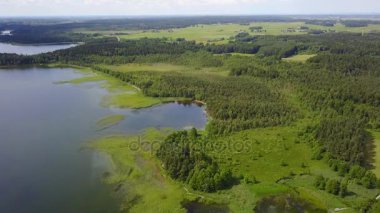 Plateliai Gölü Litvanya Ulusal su rezerv hava dron üstten görünüm 4k Uhd video 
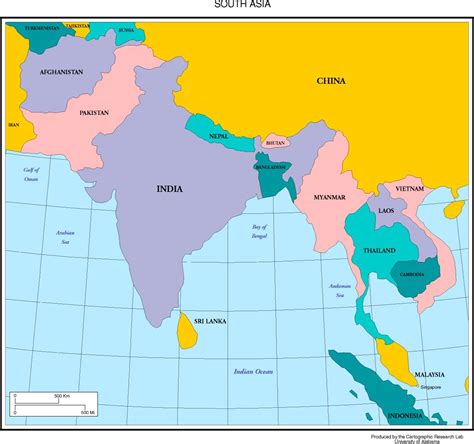 South Asia Map Countries And Capitals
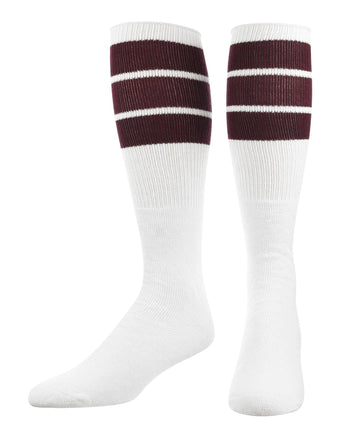 TCK socks Maroon / Small Retro 3 Stripe OTC Tube Socks
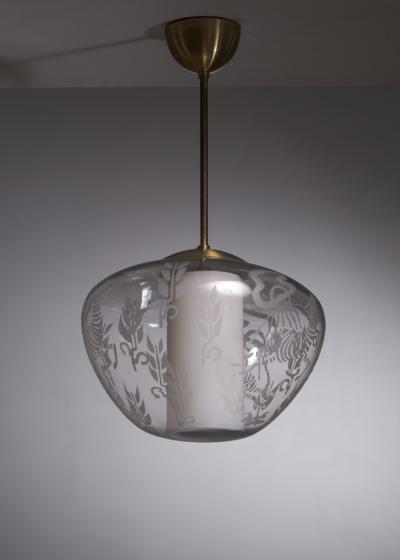  B hlmarks AB Bohlmarks Scandinavian Modern etched glass pendant
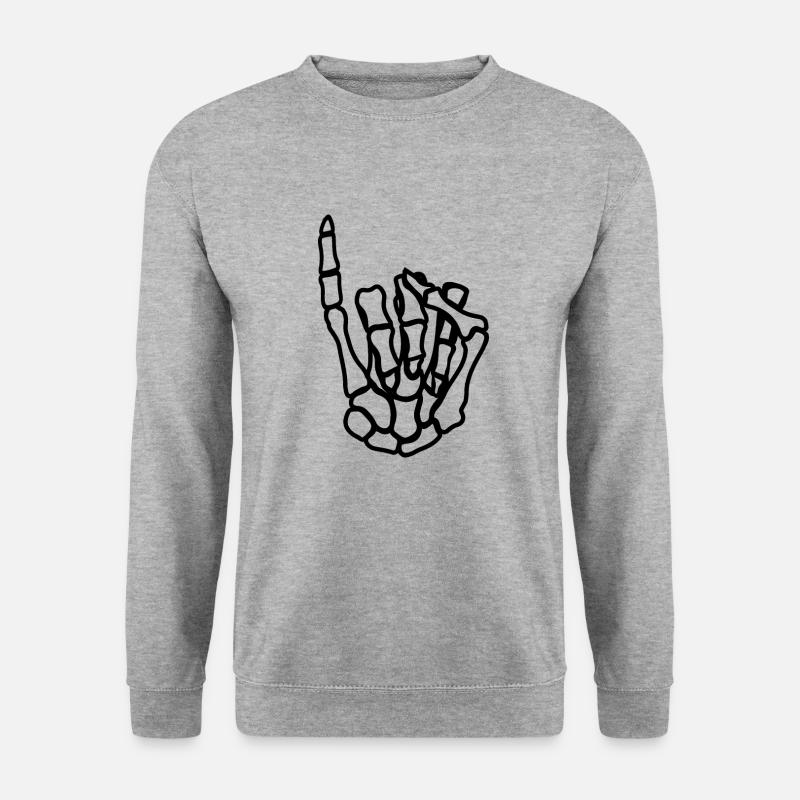 klenkes skelett Kontur - Unisex Pullover - Weißgrau meliert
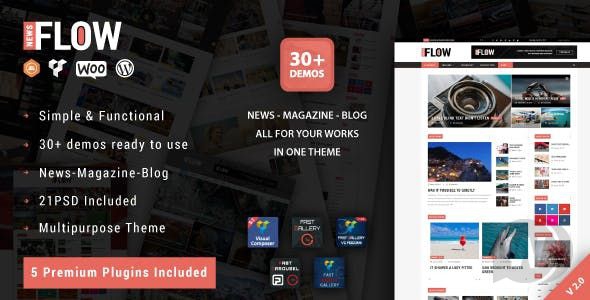 Flow News v2.0 - шаблон блога и новостного сайта WordPress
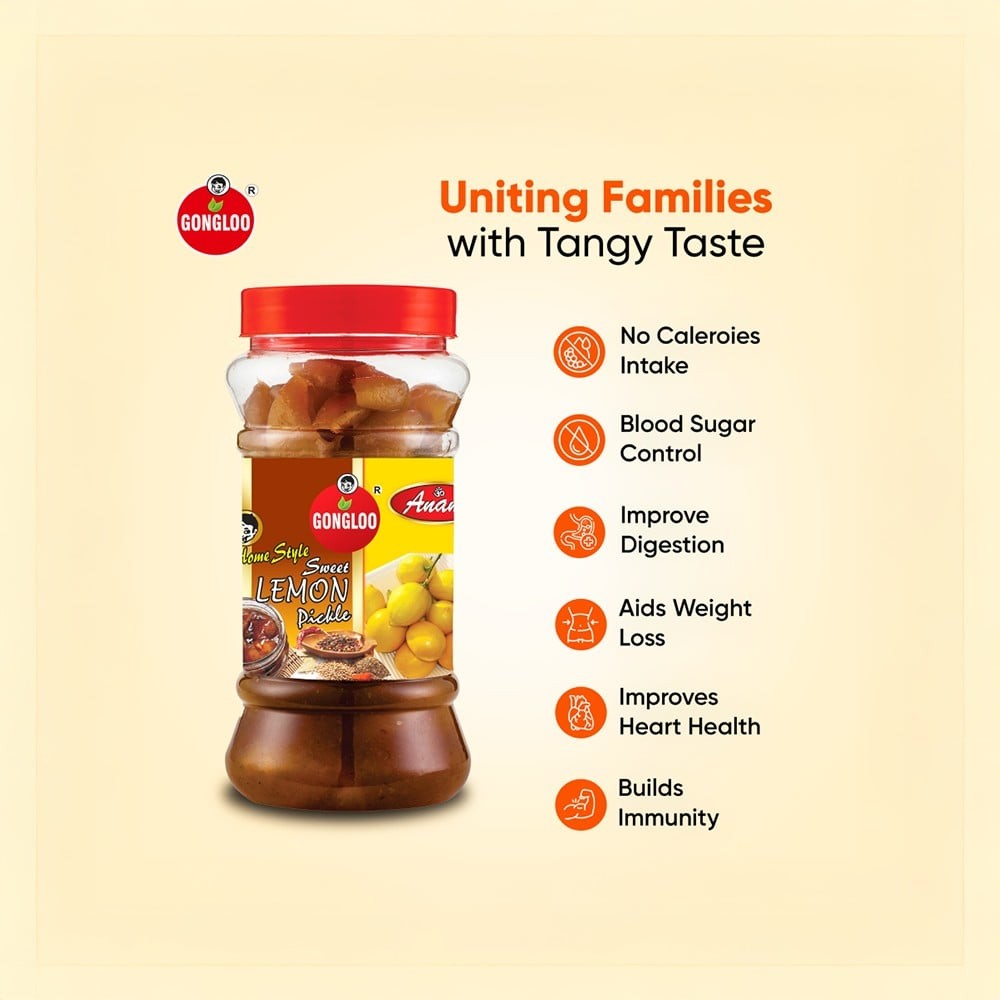 Gongloo Khata Meetha Lemon Pickle
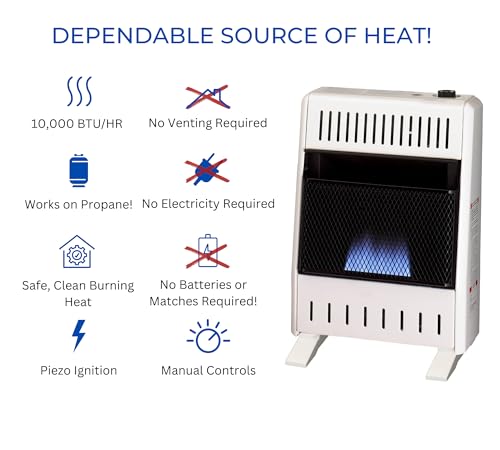 ProCom ML300HBA-B Ventless Liquid Propane Blue Flame Heater with Base Feet K420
-=-=-
The data above must be copied exactly. Leave out the pictures.

 Plateliai Gölü Litvanya Ulusal su rezerv hava dron üstten görünüm 4k Uhd video 
 South Asia Map Countries And Capitals
 TCK socks Maroon / Small Retro 3 Stripe OTC Tube Socks
  B hlmarks AB Bohlmarks Scandinavian Modern etched glass pendant
 klenkes skelett Kontur - Unisex Pullover - Weißgrau meliert
 Flow News v2.0 - шаблон блога и новостного сайта WordPress
 Gongloo Khata Meetha Lemon Pickle
 ProCom ML300HBA-B Ventless Liquid Propane Blue Flame Heater with Base Feet K420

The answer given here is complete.